▶ REQUIREMENT:
Type out all the records again exactly.
──────── GIVEN DATA
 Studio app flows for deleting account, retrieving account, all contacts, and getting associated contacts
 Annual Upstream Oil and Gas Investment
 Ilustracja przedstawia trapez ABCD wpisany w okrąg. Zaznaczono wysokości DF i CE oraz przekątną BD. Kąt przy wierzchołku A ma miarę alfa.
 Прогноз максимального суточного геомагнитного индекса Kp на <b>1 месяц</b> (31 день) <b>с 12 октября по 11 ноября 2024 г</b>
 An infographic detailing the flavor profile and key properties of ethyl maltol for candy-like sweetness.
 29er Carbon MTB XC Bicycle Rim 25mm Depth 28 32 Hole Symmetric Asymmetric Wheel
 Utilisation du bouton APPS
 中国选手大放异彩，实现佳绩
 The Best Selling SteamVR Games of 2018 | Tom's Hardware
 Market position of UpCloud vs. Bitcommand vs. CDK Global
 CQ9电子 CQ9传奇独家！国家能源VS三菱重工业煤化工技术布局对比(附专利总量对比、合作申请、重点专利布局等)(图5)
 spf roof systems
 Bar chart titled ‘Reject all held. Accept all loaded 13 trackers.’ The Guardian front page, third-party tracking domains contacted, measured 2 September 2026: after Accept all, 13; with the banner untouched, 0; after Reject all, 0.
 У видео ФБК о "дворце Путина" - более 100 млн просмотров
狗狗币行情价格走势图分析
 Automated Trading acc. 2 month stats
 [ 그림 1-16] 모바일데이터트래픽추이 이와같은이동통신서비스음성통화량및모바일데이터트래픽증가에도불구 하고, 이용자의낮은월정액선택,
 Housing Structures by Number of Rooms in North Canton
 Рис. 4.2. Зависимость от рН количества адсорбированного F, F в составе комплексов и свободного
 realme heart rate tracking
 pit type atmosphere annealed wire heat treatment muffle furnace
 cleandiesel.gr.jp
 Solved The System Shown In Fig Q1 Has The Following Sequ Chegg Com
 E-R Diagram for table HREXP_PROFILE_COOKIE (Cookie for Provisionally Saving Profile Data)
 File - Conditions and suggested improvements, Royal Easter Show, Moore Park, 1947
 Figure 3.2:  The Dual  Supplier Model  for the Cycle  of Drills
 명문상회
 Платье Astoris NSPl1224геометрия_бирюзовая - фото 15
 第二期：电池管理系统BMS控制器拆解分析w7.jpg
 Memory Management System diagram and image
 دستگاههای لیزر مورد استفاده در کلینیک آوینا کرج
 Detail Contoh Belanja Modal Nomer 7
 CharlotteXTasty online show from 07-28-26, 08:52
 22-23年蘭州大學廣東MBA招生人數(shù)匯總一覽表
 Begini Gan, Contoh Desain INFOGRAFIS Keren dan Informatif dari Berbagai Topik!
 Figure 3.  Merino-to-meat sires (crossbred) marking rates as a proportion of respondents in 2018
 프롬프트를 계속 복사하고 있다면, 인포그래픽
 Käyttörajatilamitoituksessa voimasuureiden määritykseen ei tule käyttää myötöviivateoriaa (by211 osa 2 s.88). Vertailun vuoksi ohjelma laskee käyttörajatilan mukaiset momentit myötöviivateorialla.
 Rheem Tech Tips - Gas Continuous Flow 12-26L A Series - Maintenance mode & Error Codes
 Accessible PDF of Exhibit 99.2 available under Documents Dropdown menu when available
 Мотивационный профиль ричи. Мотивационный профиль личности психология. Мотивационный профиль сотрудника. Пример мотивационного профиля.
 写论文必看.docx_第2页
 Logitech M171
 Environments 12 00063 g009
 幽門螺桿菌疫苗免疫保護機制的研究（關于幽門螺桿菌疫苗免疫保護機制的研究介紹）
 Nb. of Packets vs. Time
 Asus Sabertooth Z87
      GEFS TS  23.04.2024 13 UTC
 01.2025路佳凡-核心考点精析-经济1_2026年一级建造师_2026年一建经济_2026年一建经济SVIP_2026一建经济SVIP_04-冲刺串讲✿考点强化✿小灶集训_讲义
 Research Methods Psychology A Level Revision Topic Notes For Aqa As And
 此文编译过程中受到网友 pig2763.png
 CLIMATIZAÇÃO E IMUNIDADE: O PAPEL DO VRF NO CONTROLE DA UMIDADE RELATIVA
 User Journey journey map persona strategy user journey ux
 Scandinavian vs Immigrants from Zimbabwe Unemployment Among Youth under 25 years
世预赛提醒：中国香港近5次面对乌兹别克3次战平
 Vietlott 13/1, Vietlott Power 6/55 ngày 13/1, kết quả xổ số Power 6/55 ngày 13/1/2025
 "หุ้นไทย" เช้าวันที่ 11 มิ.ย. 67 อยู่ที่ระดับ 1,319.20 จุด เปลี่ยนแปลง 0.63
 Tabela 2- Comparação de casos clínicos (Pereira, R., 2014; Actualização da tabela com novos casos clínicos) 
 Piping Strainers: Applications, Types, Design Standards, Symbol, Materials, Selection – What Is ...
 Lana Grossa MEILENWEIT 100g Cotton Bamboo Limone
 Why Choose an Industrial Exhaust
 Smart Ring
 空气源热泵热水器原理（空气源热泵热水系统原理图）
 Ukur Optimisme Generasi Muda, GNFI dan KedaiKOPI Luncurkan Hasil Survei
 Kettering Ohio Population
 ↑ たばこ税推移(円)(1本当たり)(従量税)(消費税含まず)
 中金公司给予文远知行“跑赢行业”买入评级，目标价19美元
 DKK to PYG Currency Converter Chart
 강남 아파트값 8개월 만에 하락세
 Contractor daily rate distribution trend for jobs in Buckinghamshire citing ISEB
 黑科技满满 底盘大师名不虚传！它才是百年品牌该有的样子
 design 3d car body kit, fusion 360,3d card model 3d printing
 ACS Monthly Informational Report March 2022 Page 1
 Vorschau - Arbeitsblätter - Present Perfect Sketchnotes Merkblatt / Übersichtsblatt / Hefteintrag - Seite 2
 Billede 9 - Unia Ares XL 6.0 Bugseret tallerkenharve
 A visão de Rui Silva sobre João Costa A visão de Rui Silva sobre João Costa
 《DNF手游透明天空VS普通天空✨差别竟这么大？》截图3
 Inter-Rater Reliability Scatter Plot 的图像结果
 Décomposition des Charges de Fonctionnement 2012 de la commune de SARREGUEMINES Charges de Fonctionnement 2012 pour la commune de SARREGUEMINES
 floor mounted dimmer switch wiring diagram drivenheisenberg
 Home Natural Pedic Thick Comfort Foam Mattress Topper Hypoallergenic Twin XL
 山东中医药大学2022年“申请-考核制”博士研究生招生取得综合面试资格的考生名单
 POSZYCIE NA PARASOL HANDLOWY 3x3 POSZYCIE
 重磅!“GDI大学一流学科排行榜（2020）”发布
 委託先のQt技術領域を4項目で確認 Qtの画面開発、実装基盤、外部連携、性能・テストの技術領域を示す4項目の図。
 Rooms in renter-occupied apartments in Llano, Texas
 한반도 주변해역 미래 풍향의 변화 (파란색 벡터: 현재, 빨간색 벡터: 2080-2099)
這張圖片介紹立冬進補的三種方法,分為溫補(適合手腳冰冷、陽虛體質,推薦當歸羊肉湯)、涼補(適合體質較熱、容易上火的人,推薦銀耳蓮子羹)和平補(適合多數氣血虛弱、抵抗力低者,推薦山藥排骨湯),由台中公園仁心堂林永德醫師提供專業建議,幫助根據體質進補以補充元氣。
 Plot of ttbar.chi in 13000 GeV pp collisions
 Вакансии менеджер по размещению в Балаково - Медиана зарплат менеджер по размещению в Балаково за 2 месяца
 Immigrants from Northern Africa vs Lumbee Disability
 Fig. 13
────────────────
▶ RESPONSE AREA:
 Studio app flows for deleting account, retrieving account, all contacts, and getting associated contacts
 Annual Upstream Oil and Gas Investment
 Ilustracja przedstawia trapez ABCD wpisany w okrąg. Zaznaczono wysokości DF i CE oraz przekątną BD. Kąt przy wierzchołku A ma miarę alfa.
 Прогноз максимального суточного геомагнитного индекса Kp на <b>1 месяц</b> (31 день) <b>с 12 октября по 11 ноября 2024 г</b>
 An infographic detailing the flavor profile and key properties of ethyl maltol for candy-like sweetness.
 29er Carbon MTB XC Bicycle Rim 25mm Depth 28 32 Hole Symmetric Asymmetric Wheel
 Utilisation du bouton APPS
 中国选手大放异彩，实现佳绩
 The Best Selling SteamVR Games of 2018 | Tom's Hardware
 Market position of UpCloud vs. Bitcommand vs. CDK Global
 CQ9电子 CQ9传奇独家！国家能源VS三菱重工业煤化工技术布局对比(附专利总量对比、合作申请、重点专利布局等)(图5)
 spf roof systems
 Bar chart titled ‘Reject all held. Accept all loaded 13 trackers.’ The Guardian front page, third-party tracking domains contacted, measured 2 September 2026: after Accept all, 13; with the banner untouched, 0; after Reject all, 0.
 У видео ФБК о "дворце Путина" - более 100 млн просмотров
狗狗币行情价格走势图分析
 Automated Trading acc. 2 month stats
 [ 그림 1-16] 모바일데이터트래픽추이 이와같은이동통신서비스음성통화량및모바일데이터트래픽증가에도불구 하고, 이용자의낮은월정액선택,
 Housing Structures by Number of Rooms in North Canton
 Рис. 4.2. Зависимость от рН количества адсорбированного F, F в составе комплексов и свободного
 realme heart rate tracking
 pit type atmosphere annealed wire heat treatment muffle furnace
 cleandiesel.gr.jp
 Solved The System Shown In Fig Q1 Has The Following Sequ Chegg Com
 E-R Diagram for table HREXP_PROFILE_COOKIE (Cookie for Provisionally Saving Profile Data)
 File - Conditions and suggested improvements, Royal Easter Show, Moore Park, 1947
 Figure 3.2:  The Dual  Supplier Model  for the Cycle  of Drills
 명문상회
 Платье Astoris NSPl1224геометрия_бирюзовая - фото 15
 第二期：电池管理系统BMS控制器拆解分析w7.jpg
 Memory Management System diagram and image
 دستگاههای لیزر مورد استفاده در کلینیک آوینا کرج
 Detail Contoh Belanja Modal Nomer 7
 CharlotteXTasty online show from 07-28-26, 08:52
 22-23年蘭州大學廣東MBA招生人數(shù)匯總一覽表
 Begini Gan, Contoh Desain INFOGRAFIS Keren dan Informatif dari Berbagai Topik!
 Figure 3.  Merino-to-meat sires (crossbred) marking rates as a proportion of respondents in 2018
 프롬프트를 계속 복사하고 있다면, 인포그래픽
 Käyttörajatilamitoituksessa voimasuureiden määritykseen ei tule käyttää myötöviivateoriaa (by211 osa 2 s.88). Vertailun vuoksi ohjelma laskee käyttörajatilan mukaiset momentit myötöviivateorialla.
 Rheem Tech Tips - Gas Continuous Flow 12-26L A Series - Maintenance mode & Error Codes
 Accessible PDF of Exhibit 99.2 available under Documents Dropdown menu when available
 Мотивационный профиль ричи. Мотивационный профиль личности психология. Мотивационный профиль сотрудника. Пример мотивационного профиля.
 写论文必看.docx_第2页
 Logitech M171
 Environments 12 00063 g009
 幽門螺桿菌疫苗免疫保護機制的研究（關于幽門螺桿菌疫苗免疫保護機制的研究介紹）
 Nb. of Packets vs. Time
 Asus Sabertooth Z87
      GEFS TS  23.04.2024 13 UTC
 01.2025路佳凡-核心考点精析-经济1_2026年一级建造师_2026年一建经济_2026年一建经济SVIP_2026一建经济SVIP_04-冲刺串讲✿考点强化✿小灶集训_讲义
 Research Methods Psychology A Level Revision Topic Notes For Aqa As And
 此文编译过程中受到网友 pig2763.png
 CLIMATIZAÇÃO E IMUNIDADE: O PAPEL DO VRF NO CONTROLE DA UMIDADE RELATIVA
 User Journey journey map persona strategy user journey ux
 Scandinavian vs Immigrants from Zimbabwe Unemployment Among Youth under 25 years
世预赛提醒：中国香港近5次面对乌兹别克3次战平
 Vietlott 13/1, Vietlott Power 6/55 ngày 13/1, kết quả xổ số Power 6/55 ngày 13/1/2025
 "หุ้นไทย" เช้าวันที่ 11 มิ.ย. 67 อยู่ที่ระดับ 1,319.20 จุด เปลี่ยนแปลง 0.63
 Tabela 2- Comparação de casos clínicos (Pereira, R., 2014; Actualização da tabela com novos casos clínicos) 
 Piping Strainers: Applications, Types, Design Standards, Symbol, Materials, Selection – What Is ...
 Lana Grossa MEILENWEIT 100g Cotton Bamboo Limone
 Why Choose an Industrial Exhaust
 Smart Ring
 空气源热泵热水器原理（空气源热泵热水系统原理图）
 Ukur Optimisme Generasi Muda, GNFI dan KedaiKOPI Luncurkan Hasil Survei
 Kettering Ohio Population
 ↑ たばこ税推移(円)(1本当たり)(従量税)(消費税含まず)
 中金公司给予文远知行“跑赢行业”买入评级，目标价19美元
 DKK to PYG Currency Converter Chart
 강남 아파트값 8개월 만에 하락세
 Contractor daily rate distribution trend for jobs in Buckinghamshire citing ISEB
 黑科技满满 底盘大师名不虚传！它才是百年品牌该有的样子
 design 3d car body kit, fusion 360,3d card model 3d printing
 ACS Monthly Informational Report March 2022 Page 1
 Vorschau - Arbeitsblätter - Present Perfect Sketchnotes Merkblatt / Übersichtsblatt / Hefteintrag - Seite 2
 Billede 9 - Unia Ares XL 6.0 Bugseret tallerkenharve
 A visão de Rui Silva sobre João Costa A visão de Rui Silva sobre João Costa
 《DNF手游透明天空VS普通天空✨差别竟这么大？》截图3
 Inter-Rater Reliability Scatter Plot 的图像结果
 Décomposition des Charges de Fonctionnement 2012 de la commune de SARREGUEMINES Charges de Fonctionnement 2012 pour la commune de SARREGUEMINES
 floor mounted dimmer switch wiring diagram drivenheisenberg
 Home Natural Pedic Thick Comfort Foam Mattress Topper Hypoallergenic Twin XL
 山东中医药大学2022年“申请-考核制”博士研究生招生取得综合面试资格的考生名单
 POSZYCIE NA PARASOL HANDLOWY 3x3 POSZYCIE
 重磅!“GDI大学一流学科排行榜（2020）”发布
 委託先のQt技術領域を4項目で確認 Qtの画面開発、実装基盤、外部連携、性能・テストの技術領域を示す4項目の図。
 Rooms in renter-occupied apartments in Llano, Texas
 한반도 주변해역 미래 풍향의 변화 (파란색 벡터: 현재, 빨간색 벡터: 2080-2099)
這張圖片介紹立冬進補的三種方法,分為溫補(適合手腳冰冷、陽虛體質,推薦當歸羊肉湯)、涼補(適合體質較熱、容易上火的人,推薦銀耳蓮子羹)和平補(適合多數氣血虛弱、抵抗力低者,推薦山藥排骨湯),由台中公園仁心堂林永德醫師提供專業建議,幫助根據體質進補以補充元氣。
 Plot of ttbar.chi in 13000 GeV pp collisions
 Вакансии менеджер по размещению в Балаково - Медиана зарплат менеджер по размещению в Балаково за 2 месяца
 Immigrants from Northern Africa vs Lumbee Disability
 Fig. 13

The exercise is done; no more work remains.